:: Assignment ::
Copy exactly, and copy nothing else: the line that contains "Skoroszyt sztywny A4/PCV" and all lines after it in the listing, without pictures.

:: The data ::
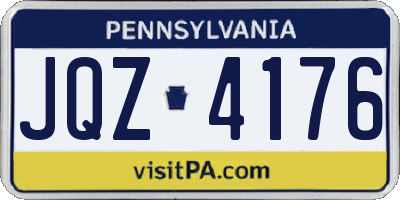 PA license plate JQZ4176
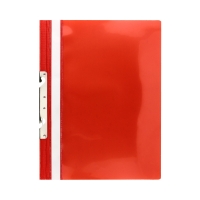 Skoroszyt sztywny A4/PCV czerwony metalowa zawieszka - 20szt.
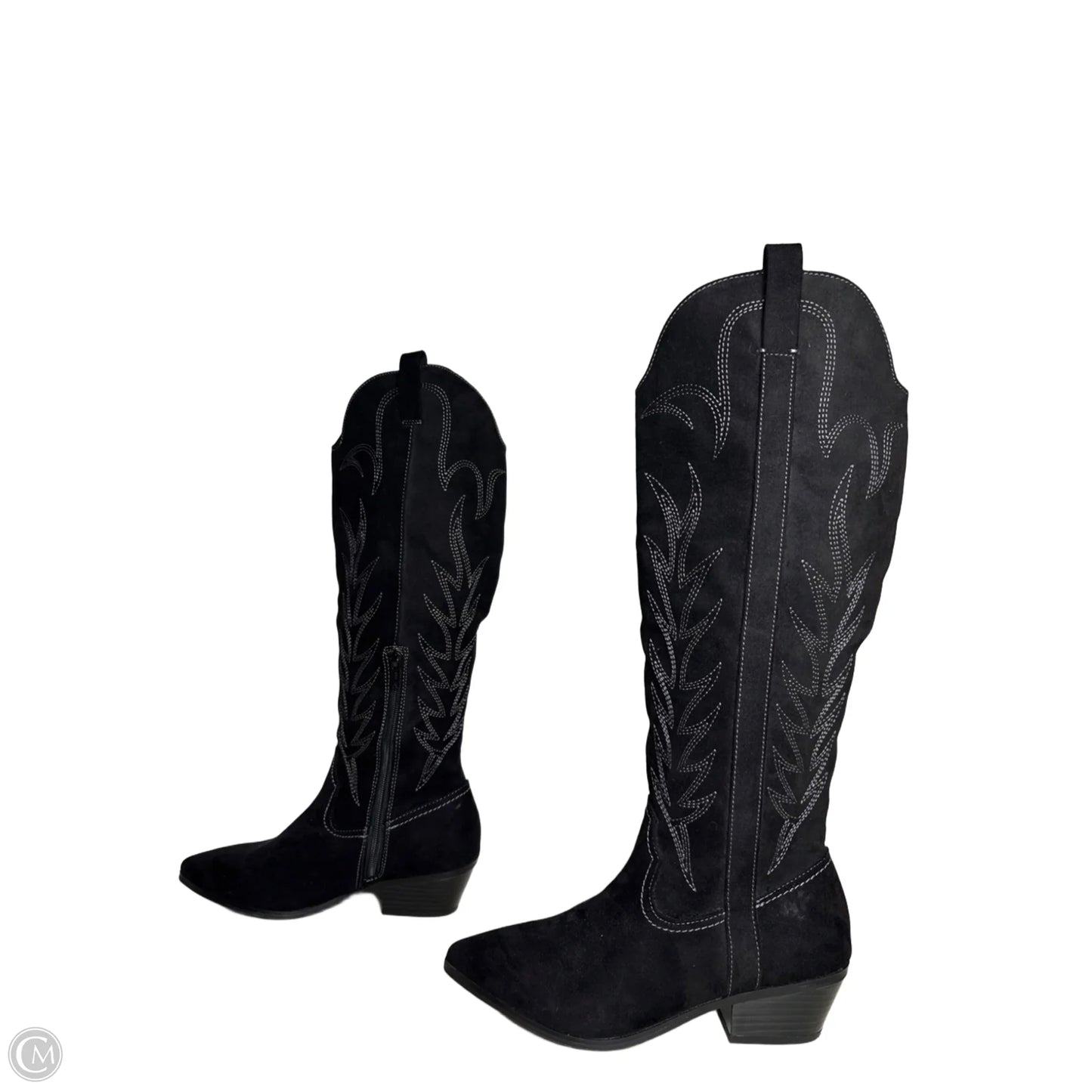 Boots Western By Universal Thread In Black, Size: 7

:: Response area ::
 Skoroszyt sztywny A4/PCV czerwony metalowa zawieszka - 20szt.
 Boots Western By Universal Thread In Black, Size: 7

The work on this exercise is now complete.